Le site de Gémenos occupe une place particulière dans cet ensemble. Il s’inscrit dans un écosystème français de recherche, de production et d’intégration de solutions de sécurité numérique. Son activité ne se résume donc pas à un produit visible dans les rayons d’un magasin. Les technologies développées ou industrialisées peuvent être intégrées dans un smartphone, une carte bancaire, une carte SIM, un passeport ou encore une plateforme logicielle.
Cette réalité explique pourquoi le grand public connaît parfois mal l’importance du site. La cybersécurité connectée n’est pas toujours matérialisée par une application ou un boîtier identifiable. Elle se trouve souvent dans une puce, un certificat numérique, une procédure d’authentification ou une clé cryptographique. Autrement dit, le produit final est parfois invisible, mais son rôle est essentiel.
De la carte à puce à l’écosystème connecté
L’image de la carte à puce reste associée à Gemalto, et à juste titre. Pourtant, les besoins de sécurité ont considérablement évolué. Il ne s’agit plus seulement de protéger une carte bancaire ou de permettre à un téléphone de se connecter au réseau mobile. Les systèmes doivent désormais gérer des millions d’identités numériques, des appareils hétérogènes et des échanges de données permanents.
Dans ce contexte, plusieurs briques technologiques sont devenues incontournables :
- les éléments sécurisés capables de stocker des clés cryptographiques ;
- les cartes SIM et eSIM utilisées pour authentifier un appareil sur un réseau mobile ;
- les solutions de gestion des identités et des accès ;
- les technologies de sécurisation des paiements électroniques ;
- les certificats numériques destinés aux entreprises, aux administrations et aux objets connectés ;
- les solutions de vérification d’identité à distance.
Le passage de la SIM physique à l’eSIM illustre bien cette transformation. L’utilisateur ne manipule plus nécessairement de petite carte amovible. L’identité de l’abonné peut être téléchargée et activée à distance dans un composant sécurisé. C’est plus pratique pour certains usages, notamment les objets connectés, les montres intelligentes et les équipements industriels. Mais cette souplesse exige également une gestion rigoureuse des profils, des accès et des procédures de récupération.

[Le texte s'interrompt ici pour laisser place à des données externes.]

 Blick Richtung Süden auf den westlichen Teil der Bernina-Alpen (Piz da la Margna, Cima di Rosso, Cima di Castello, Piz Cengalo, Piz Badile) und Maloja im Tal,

Pourquoi la cybersécurité connectée est devenue stratégique
Un objet connecté ne se contente pas de transmettre une donnée. Il doit souvent prouver qu’il est légitime, communiquer avec un serveur autorisé et protéger les informations qu’il reçoit. Une caméra de surveillance, un compteur intelligent, un véhicule connecté ou un dispositif médical peuvent devenir des portes d’entrée si leur sécurité est insuffisante.
La question centrale est donc simple : comment savoir qu’un appareil, un utilisateur ou un service est bien celui qu’il prétend être ? La réponse repose sur plusieurs mécanismes complémentaires : authentification, chiffrement, certificats, mises à jour sécurisées et contrôle des autorisations.
Dans ce domaine, une erreur de configuration peut avoir des conséquences très concrètes. Un mot de passe réutilisé, un certificat expiré ou un équipement non mis à jour peuvent interrompre un service, exposer des données ou faciliter une attaque. La cybersécurité ne peut plus être traitée comme une option ajoutée à la fin d’un projet. Elle doit être intégrée dès la conception.
C’est l’un des enjeux majeurs des activités associées à Thales et à l’héritage Gemalto : fournir des solutions capables de fonctionner à grande échelle, tout en conservant un niveau élevé de confiance. Une banque, un opérateur télécom ou une administration ne protège pas quelques dizaines d’utilisateurs, mais parfois plusieurs millions.
Les innovations autour de l’identité numérique
L’identité numérique est probablement l’un des axes les plus visibles de cette évolution. Elle permet d’associer une personne à un compte, un document ou une démarche, sans forcément exiger une présence physique. Mais cette simplification ne doit pas se faire au détriment de la fiabilité.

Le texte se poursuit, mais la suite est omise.